Some Chicago Chinatown leaders are opposed to having a proposed casino so close to the neighborhood, stating concerns that it may increase gambling among residents, reported ABC7Chicago.

If built, it will be within walking distance of Chinatown, Grace Chan McKibben, executive director for the Coalition for a Better Chinese American Community said.

Last Monday, Chicago held a meeting to determine where the city’s first casino would be built. Three neighborhoods are cited for consideration, including the South Loop which contains Chinatown, according to NBC Chicago.

McKibbens cites that gambling has historically been a part of Chinatown culture, as it was one of the few options for entertainment for the many single men living in Chinatowns due to laws prohibiting Chinese immigration.

Dr Timothy Fong, who co-directs the UCLA Gambling Studies Program, adds that Asian communities are at particular risk for gambling.
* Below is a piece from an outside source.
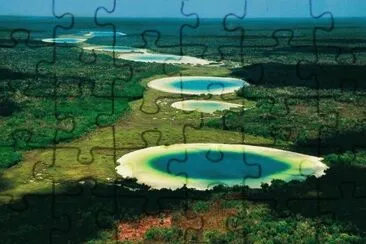 פאזל של paisaje 25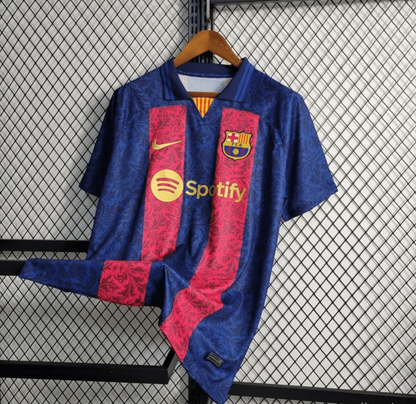 23/24 Barcelona Training Jersey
“In Asian communities, what we see with men and women who developed gambling disorder is that they oftentimes struggle to find treatment because they can’t find it in their language or cultural barriers that prevent them from seeking mental health treatment,” Fong said.

State Rep. Theresa Mah, the first Asian American elected into the Illinois General Assembly, is also opposed to the casino. Mah cited similar concerns about gambling. Mah said that the proposed casino would harm the “growth and resilience” of the Chicago Chinatown, the only Chinatown in America that continues to grow in population.

“It really doesn’t seem to fit with residents’ desire for a livable community,” Mah said. “There are human costs.”

Other concerns over the casino include an increase in traffic and crime, according to Fox32Chicago.

Protests occurred on Sunday in Chicago’s Chinatown. On Monday, a special committee regarding the casino will hold a virtual hearing, according to Fox32Chicago.

The decision rests in part on Mayor Lori Lightfoot, who Mah has spoken with personally about the issue. 

“[Lightfoot] nodded her head as if to convey, ‘I hear you,’” Mah said. “If she chooses that site, she didn’t hear me.”

Still, Mah said she is determined to lobby Lightfoot and other city officials who are still on the fence.